Le manager humaniste n’est pas un manager angélique, permissif ou consensuel. Il est au contraire un manager exigeant, avec lui-même et les autres. Il n’aura pas à faire assaut de psychologie positive ou à promettre le bonheur en entreprise. Il construit sur des bases solides et partagées des relations professionnelles plus ouvertes, plus confiantes, plus respectueuses, plus solidaires, en un mot plus humaines.

Avoir un management humaniste, au-delà du fait de donner la possibilité aux uns et aux autres de travailler dans un environnement plus agréable, permet de différencier l’entreprise pour attirer de nouveaux talents, également fidéliser les collaborateurs actuels et renforcer leur engagement.

Et sur un point du vue purement comptable, c’est également bénéfique. En effet, combien de temps perdu pour rattraper des incompréhensions de collaborateurs ? Quel est l’impact d’une personne en burn-out ? Quel investissement est requis pour mettre en place des formations liées à la gestion a posteriori des conflits ?

Comment tenter de devenir un manager humaniste ?

Nous vous avons convaincu (cela ne peut pas réussir si c’est imposé par l’extérieur), vous avez envie d’avoir une équipe engagée et investie, dans un système « gagnant-gagnant » ?

Au-delà des règles édictées ci-dessus, être manager humaniste c’est avant tout un positionnement qu’il convient de travailler : selon vous, quelle est la définition du management humaniste ? Comment y arriver ? Une fois que vous vous êtes posé ces questions, il faut co-construire avec d’autres collaborateurs (de votre équipe/d’autres équipes ou d’autres managers) pour avoir une vision globale et y passer du temps pour bien vous en imprégner.

Nous avons quelques pistes à vous soumettre.

Les feedbacks doivent être systématiques, non pas ceux que vous donnez, mais ceux que vous recevez : échanger sur ce qui a été apprécié ou ce qui a dérangé et les moyens d’évoluer.
Le manager doit savoir affirmer ses convictions, non pas en opposition, mais avec l’autre.
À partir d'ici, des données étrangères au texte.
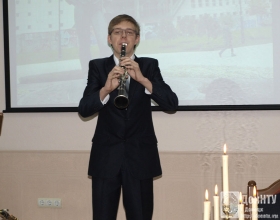 Творческий вечер С. В. Иваницы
Chacun est encouragé à donner son avis et le désaccord est accepté : le manager n’a pas besoin de convaincre à tout prix. Mais c’est ensuite à lui de savoir quand une décision doit être actée, de fixer le cap et de l’assumer, y compris quand il s’est trompé !

Une autre idée essentielle du management humain, c’est de ne pas juger !  Le manager est là pour animer et décider. Il s’appuie sur ses capacités de logique mais ne porte pas de jugement de valeur : les actions des collaborateurs peuvent être conformes ou non au cadre défini et il faut savoir en tirer des conclusions. C’est le jugement qui engendre le sentiment d’être méprisé, pas le fait d’être en désaccord.
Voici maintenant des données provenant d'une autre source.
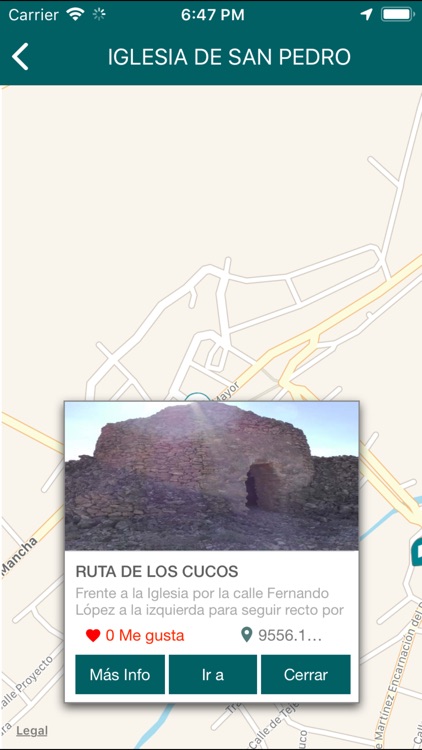 San Pedro Guía screenshot-4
Enfin, le manager humaniste adopte aussi une méthode appréciative. En rupture avec les pratiques traditionnelles qui cherchent constamment à analyser ce qui va mal au sein d’une équipe ou d’une organisation, la méthode appréciative consiste, à l’inverse, à prendre en considération et à partager collectivement ce qui fonctionne bien.

Il est bien entendu que le premier objectif d’une entreprise est de gagner de l’argent et de se développer. Mais l’entreprise est aussi un acteur à part entière de la société, qui interagit avec et sur son environnement : elle contribue à la formation des individus, elle intervient sur la santé de ses collaborateurs qu’elle doit préserver, elle agit sur l’environnement sur lequel elle doit minimiser son empreinte, elle a un impact sur l’état psychologique (et donc productif) de ses salariés, selon sa capacité ou non à rassurer, à communiquer une vision, des projets et à les ancrer dans une stratégie et des actions cohérentes. Il est plus efficace de parvenir à un engagement volontaire plutôt que contraint par un cadre oppressif. Et cela s’obtient en respectant les collaborateurs, en reconnaissant et en intégrant leur position centrale dans l’organisation, en instaurant un partenariat basé sur une très bonne connaissance de l’humain, une confiance partagée, de l’exigence, accompagnée d’un développement de l’autonomie et des compétences, bref une démarche humaniste.